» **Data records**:

++++

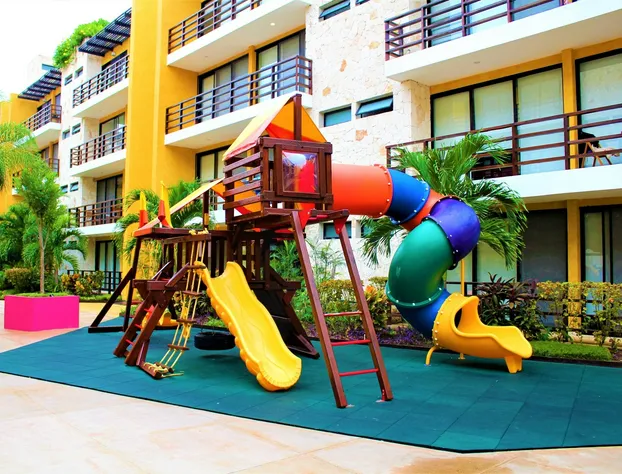 Amazing 2BR PH steps distance from 5th Av by Happy Address hotel detail image 4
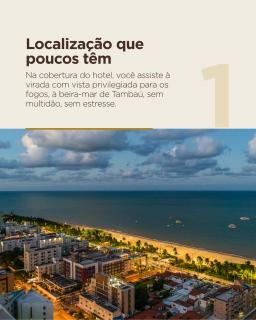 Laguna Praia Hotel - 7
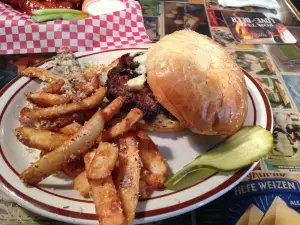Capone's Pub & Grill
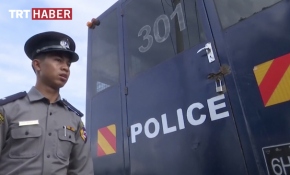 Myanmar'da TRT World çalışanlarına ek suçlamalar yöneltildi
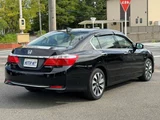 2016 Honda Accord Hybrid 2.0 EX Sedan for sale, Japanese used car export - photo 2 of 48 | GULJI TRADERS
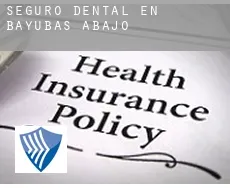 Seguro dental en  Bayubas de Abajo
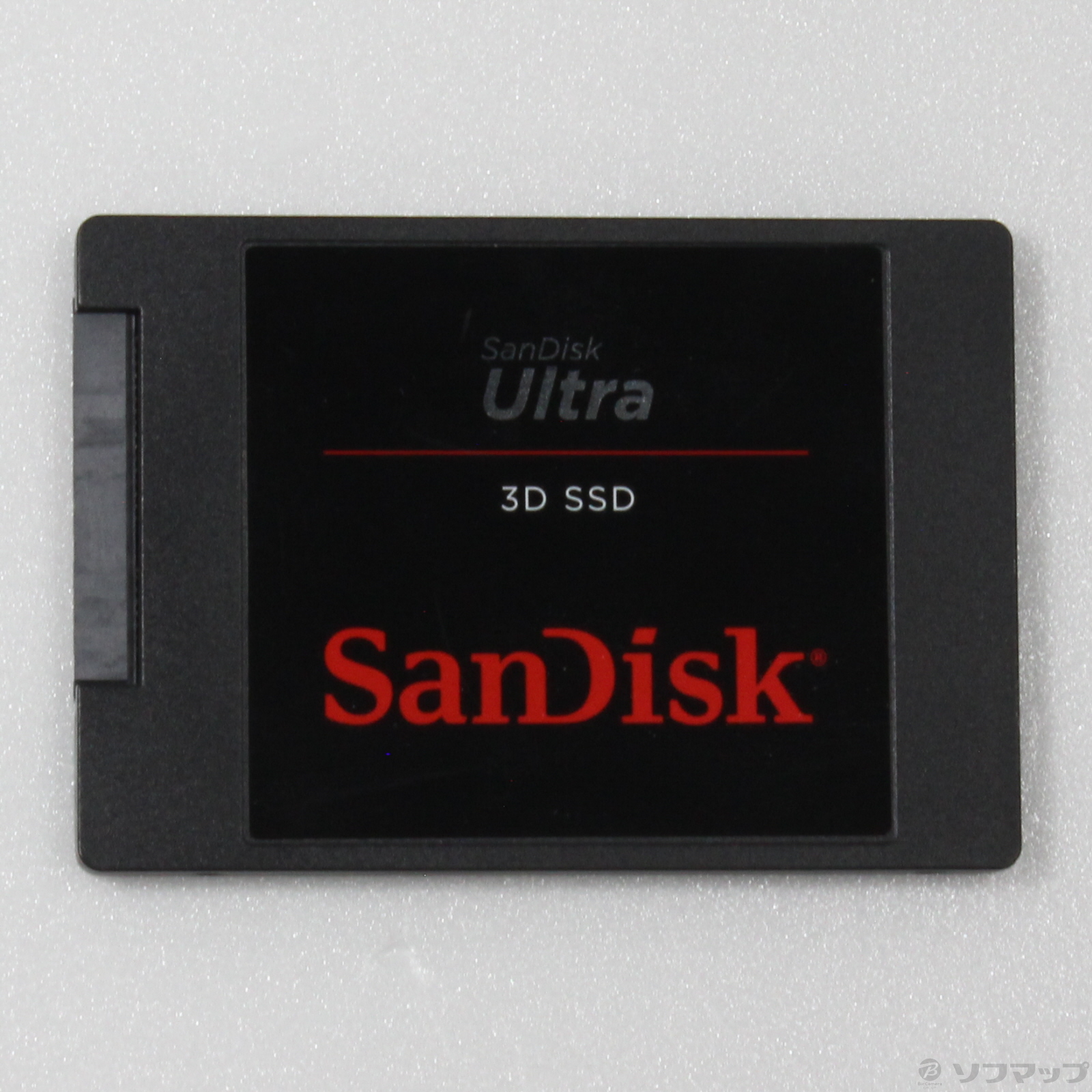 SanDisk(サンディスク) SanDisk SSD Ultra 3Dシリーズ 4TB SDSSDH3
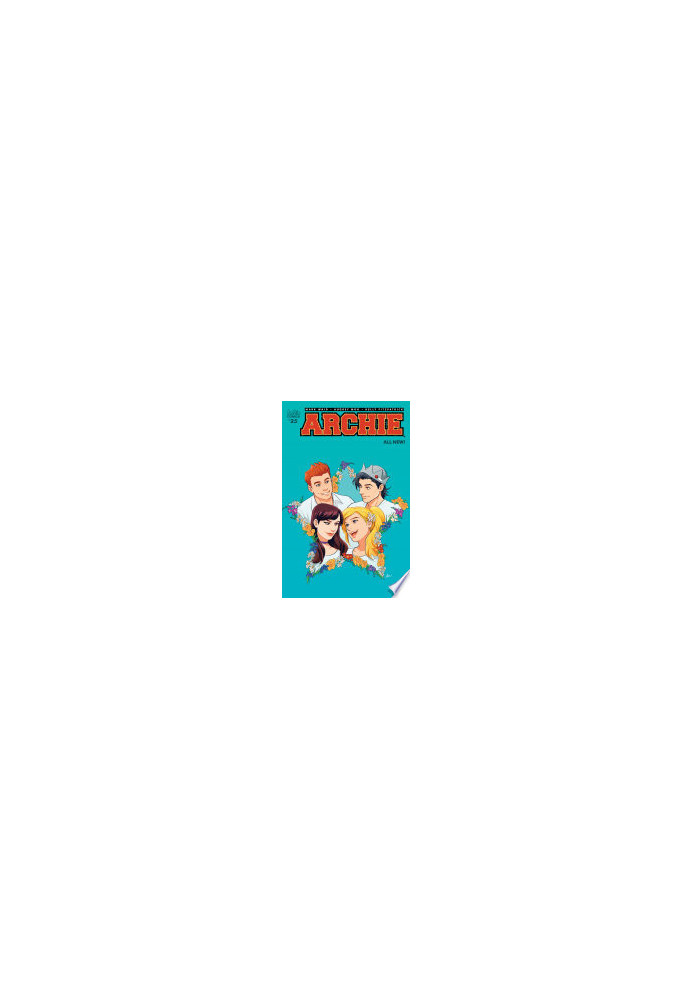Archie 25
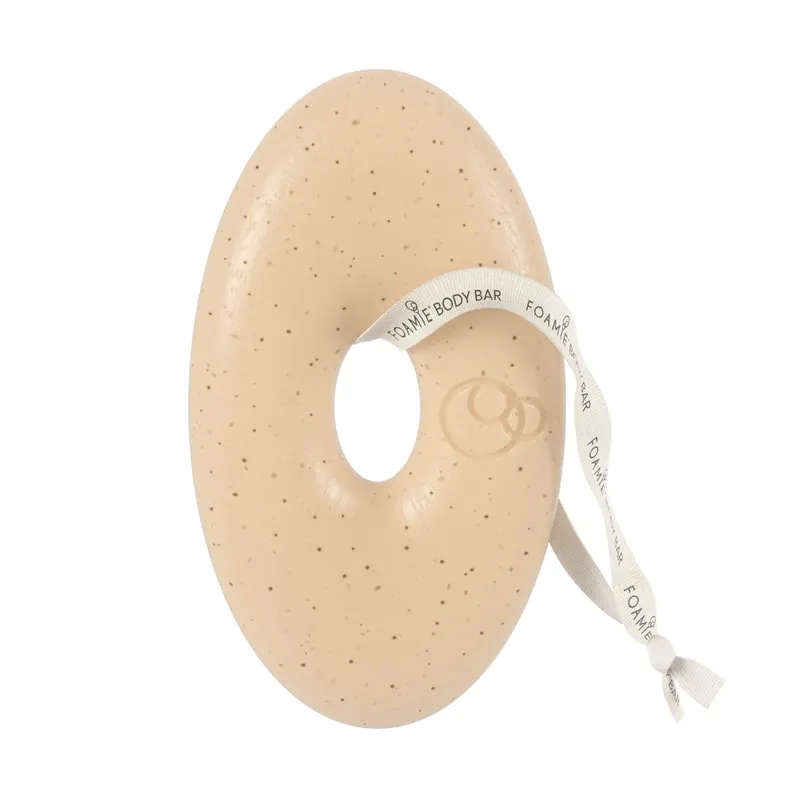 Body Bar More Than A Peeling Peeling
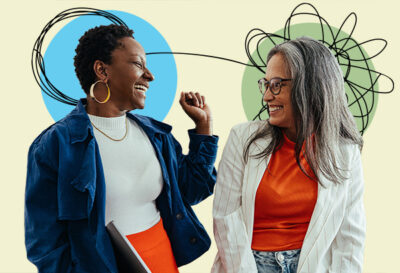 How Can I Support Neurodivergent Colleagues?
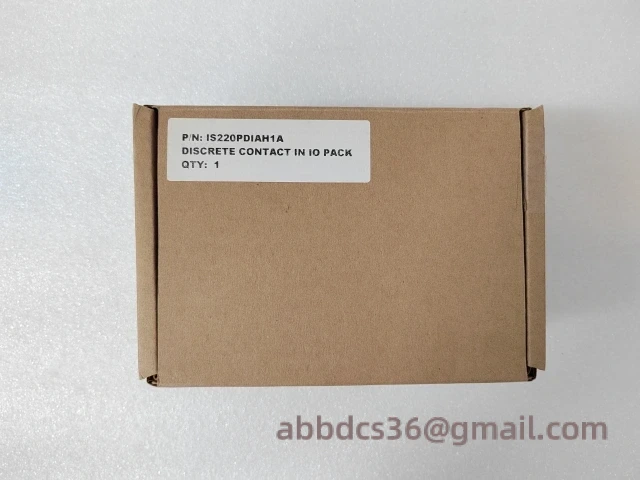 IS220PDIAH1A_336A4940CSP1_1.webp GE IS220PDIAH1A | High-Performance I/O Pack Module for Industrial Control Systems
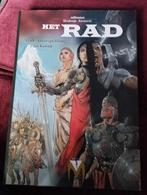 Het rad compleet, Complete serie of reeks, Ophalen, Zo goed als nieuw, Skrobonja/kovacevic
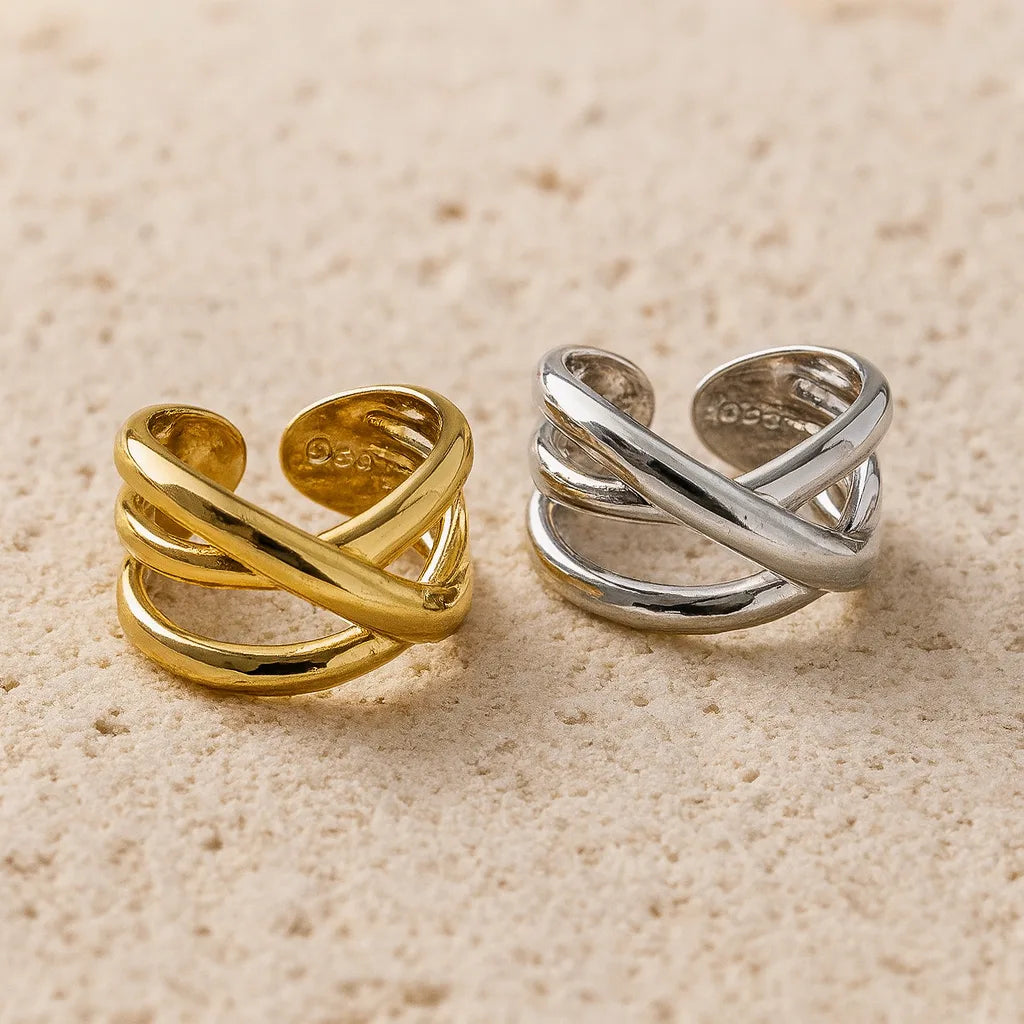 Pierścionek Bastille-Pierścionek-Lorine.pl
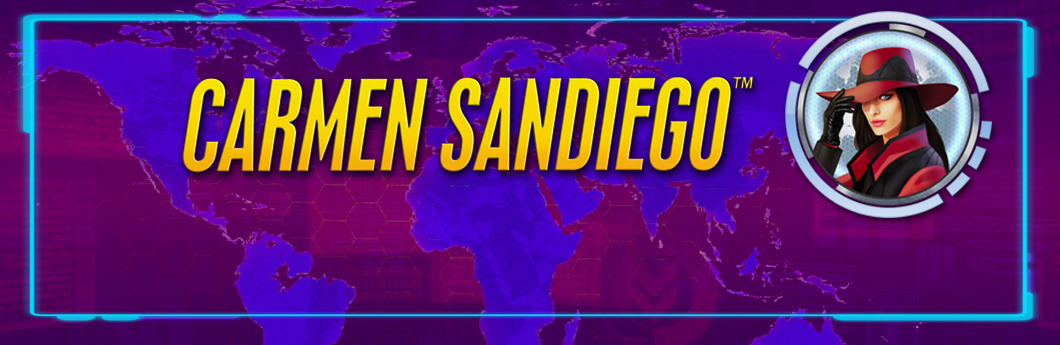 carmen sandiego returns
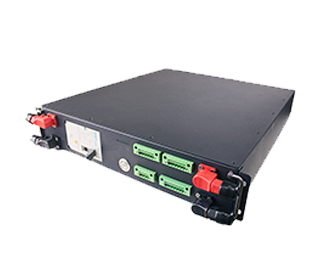 高壓儲(chǔ)能2U機(jī)箱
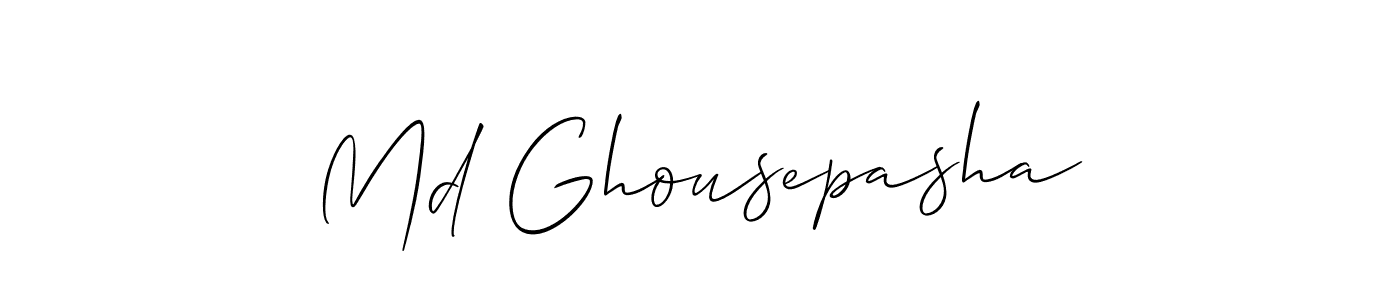 This is the best signature style for the Md Ghousepasha name. Also you like these signature font (Allison_Script). Mix name signature. Md Ghousepasha signature style 2 images and pictures png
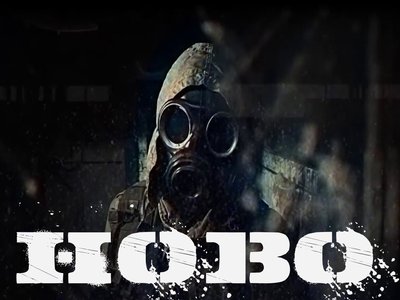 JO-HOBO WITNESS photo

++++

» **What the task requires**:
Repeat each line above exactly as it reads, omitting any pictures.

» **Your solution**:
 Amazing 2BR PH steps distance from 5th Av by Happy Address hotel detail image 4
 Laguna Praia Hotel - 7
Capone's Pub & Grill
 Myanmar'da TRT World çalışanlarına ek suçlamalar yöneltildi
 2016 Honda Accord Hybrid 2.0 EX Sedan for sale, Japanese used car export - photo 2 of 48 | GULJI TRADERS
 Seguro dental en  Bayubas de Abajo
 SanDisk(サンディスク) SanDisk SSD Ultra 3Dシリーズ 4TB SDSSDH3
Archie 25
 Body Bar More Than A Peeling Peeling
 How Can I Support Neurodivergent Colleagues?
 IS220PDIAH1A_336A4940CSP1_1.webp GE IS220PDIAH1A | High-Performance I/O Pack Module for Industrial Control Systems
 Het rad compleet, Complete serie of reeks, Ophalen, Zo goed als nieuw, Skrobonja/kovacevic
 Pierścionek Bastille-Pierścionek-Lorine.pl
 carmen sandiego returns
 高壓儲(chǔ)能2U機(jī)箱
 This is the best signature style for the Md Ghousepasha name. Also you like these signature font (Allison_Script). Mix name signature. Md Ghousepasha signature style 2 images and pictures png
 JO-HOBO WITNESS photo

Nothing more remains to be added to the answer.